▸ **The input**
· · · · · · ·
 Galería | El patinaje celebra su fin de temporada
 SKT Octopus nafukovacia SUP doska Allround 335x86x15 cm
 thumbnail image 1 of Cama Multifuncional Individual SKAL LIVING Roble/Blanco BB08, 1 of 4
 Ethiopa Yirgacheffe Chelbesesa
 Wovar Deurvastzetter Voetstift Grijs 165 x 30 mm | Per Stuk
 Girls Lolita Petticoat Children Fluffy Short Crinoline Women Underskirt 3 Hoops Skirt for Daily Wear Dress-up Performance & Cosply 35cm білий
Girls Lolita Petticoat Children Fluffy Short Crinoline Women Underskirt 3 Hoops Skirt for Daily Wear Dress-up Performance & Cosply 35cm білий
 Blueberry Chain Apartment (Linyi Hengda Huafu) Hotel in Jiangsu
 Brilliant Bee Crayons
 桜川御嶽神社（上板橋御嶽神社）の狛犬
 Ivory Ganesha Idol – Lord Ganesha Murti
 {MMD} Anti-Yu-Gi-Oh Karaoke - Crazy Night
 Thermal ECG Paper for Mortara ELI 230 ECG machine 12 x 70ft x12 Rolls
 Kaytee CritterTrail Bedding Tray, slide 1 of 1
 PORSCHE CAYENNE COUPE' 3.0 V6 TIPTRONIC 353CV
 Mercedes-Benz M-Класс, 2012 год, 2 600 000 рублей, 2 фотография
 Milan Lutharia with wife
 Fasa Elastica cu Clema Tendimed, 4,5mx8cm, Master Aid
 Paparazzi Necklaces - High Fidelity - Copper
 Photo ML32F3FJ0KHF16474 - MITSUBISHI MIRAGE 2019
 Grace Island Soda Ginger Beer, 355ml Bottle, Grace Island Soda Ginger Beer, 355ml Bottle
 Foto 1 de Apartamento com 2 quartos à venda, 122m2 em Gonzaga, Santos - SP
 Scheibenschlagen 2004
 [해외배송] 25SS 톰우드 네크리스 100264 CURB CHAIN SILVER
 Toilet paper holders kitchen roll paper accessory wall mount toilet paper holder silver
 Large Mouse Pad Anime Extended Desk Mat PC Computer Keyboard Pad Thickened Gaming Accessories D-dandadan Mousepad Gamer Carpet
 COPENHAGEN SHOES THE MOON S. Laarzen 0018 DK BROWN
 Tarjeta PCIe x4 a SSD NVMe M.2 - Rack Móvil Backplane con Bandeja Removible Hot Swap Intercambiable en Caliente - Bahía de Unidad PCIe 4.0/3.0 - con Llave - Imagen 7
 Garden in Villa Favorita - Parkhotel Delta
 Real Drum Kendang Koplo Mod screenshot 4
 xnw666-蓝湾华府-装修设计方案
· · · · · · ·
▸ **Directions**
Search the entries for the line holding "Scheibenschlagen 2004". Return that line and the ones after it through the last, exactly.

▸ **Exercise answer**
 Scheibenschlagen 2004
 [해외배송] 25SS 톰우드 네크리스 100264 CURB CHAIN SILVER
 Toilet paper holders kitchen roll paper accessory wall mount toilet paper holder silver
 Large Mouse Pad Anime Extended Desk Mat PC Computer Keyboard Pad Thickened Gaming Accessories D-dandadan Mousepad Gamer Carpet
 COPENHAGEN SHOES THE MOON S. Laarzen 0018 DK BROWN
 Tarjeta PCIe x4 a SSD NVMe M.2 - Rack Móvil Backplane con Bandeja Removible Hot Swap Intercambiable en Caliente - Bahía de Unidad PCIe 4.0/3.0 - con Llave - Imagen 7
 Garden in Villa Favorita - Parkhotel Delta
 Real Drum Kendang Koplo Mod screenshot 4
 xnw666-蓝湾华府-装修设计方案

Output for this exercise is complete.